Mohammed Qreiqeh and Anas al-Sharif
Dismissing Israel’s claim that al-Sharif was a "terrorist" affiliated with Hamas, the press freedom campaign group told AFP he was "one of the most famous journalists from the Gaza Strip (and) the voice of the sufferng Israel has imposed on Palestinians in Gaza".
The NGO "strongly and angrily condemns the acknowledged murder by the Israeli army" of al-Sharif and other journalists in a Sunday strike on their tent in Gaza City, it added.
Qatari broadcaster Al Jazeera said Sunday that five of its journalists had been killed in an Israeli strike.
Al-Sharif, 28, was one of the channel's most recognisable faces working on the ground in Gaza, providing daily reports in regular coverage.
He was killed alongside fellow correspondent Mohammed Qreiqeh and camera operators Ibrahim Zaher, Mohammed Noufal and Moamen Aliwa, Al Jazeera said.
The Israeli military said it had targeted al-Sharif, saying he "posed as a journalist" but was in fact "the head of a terrorist cell... responsible for advancing rocket attacks."
RSF called the Israeli allegations "baseless".
Almost 200 journalists have been killed in the war Israel launched on Gaza , according to RSF.

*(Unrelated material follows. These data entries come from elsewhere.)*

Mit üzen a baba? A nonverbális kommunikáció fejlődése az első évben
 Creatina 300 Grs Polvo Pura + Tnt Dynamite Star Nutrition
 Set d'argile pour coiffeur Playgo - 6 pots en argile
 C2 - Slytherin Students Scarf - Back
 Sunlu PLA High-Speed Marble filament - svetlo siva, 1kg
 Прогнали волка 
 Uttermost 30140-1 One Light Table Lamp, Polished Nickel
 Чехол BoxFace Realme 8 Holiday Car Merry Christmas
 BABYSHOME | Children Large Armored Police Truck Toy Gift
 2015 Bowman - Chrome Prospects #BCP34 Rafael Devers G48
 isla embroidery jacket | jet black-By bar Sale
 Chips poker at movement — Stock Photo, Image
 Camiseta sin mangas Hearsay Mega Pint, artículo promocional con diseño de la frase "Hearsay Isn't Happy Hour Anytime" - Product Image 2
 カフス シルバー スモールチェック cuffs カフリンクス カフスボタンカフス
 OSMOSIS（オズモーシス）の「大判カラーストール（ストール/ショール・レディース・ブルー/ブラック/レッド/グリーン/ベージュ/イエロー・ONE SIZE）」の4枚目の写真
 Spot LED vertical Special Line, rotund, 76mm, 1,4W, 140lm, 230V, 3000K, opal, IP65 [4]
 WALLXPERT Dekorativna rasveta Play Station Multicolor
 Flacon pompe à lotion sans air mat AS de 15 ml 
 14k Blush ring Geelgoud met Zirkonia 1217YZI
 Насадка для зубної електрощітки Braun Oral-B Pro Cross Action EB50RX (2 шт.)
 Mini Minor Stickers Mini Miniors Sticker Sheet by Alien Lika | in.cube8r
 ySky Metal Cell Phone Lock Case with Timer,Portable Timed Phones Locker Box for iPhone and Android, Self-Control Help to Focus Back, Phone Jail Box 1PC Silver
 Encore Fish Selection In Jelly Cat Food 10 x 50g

The RSF has filed four complaints against Israel at the International Criminal Court for alleged "war crimes committed against journalists in Gaza".
"In (Sunday's) deliberate attack, the Israeli army reproduced a known method already tested, notably against al-Jazeera journalists," RSF said, pointing to the killings of two reporters on July 31 last year.
Israel labelled one of those men, Ismail al-Ghoul, a "terrorist".
RSF called on other countries to intervene, saying the UN Security Council should meet to insist on protection of journalists in conflict zones.
"Without strong action from the international community to stop the Israeli army... we're likely to witness more such extrajudicial murders of media professionals," RSF said.
In tandem, another media advocacy group, the Committee to Protect Journalists, slammed on Monday the Israeli strike that killed several Al Jazeera staff in Gaza overnight, saying journalists should never be targeted in war.
"Journalists are civilians. They must never be targeted in war. And to do so is a war crime," Jodie Ginsberg, chief executive of the Committee to Protect Journalists (CPJ), told AFP.
The CPJ in July called for the protection of Anas al-Sharif, one of the journalists killed in the Israeli strike, after an Israeli military spokesman claimed he was a militant, accusing Israel of a "pattern" of labelling journalists militants "without providing credible evidence".
"International law is clear that active combatants are the only justified targets in a war setting," Ginsberg said.
"So unless the IDF can demonstrate that Anas al-Sharif was still an active combatant, then there is no justification for his killing," she said, using an acronym for the Israeli military.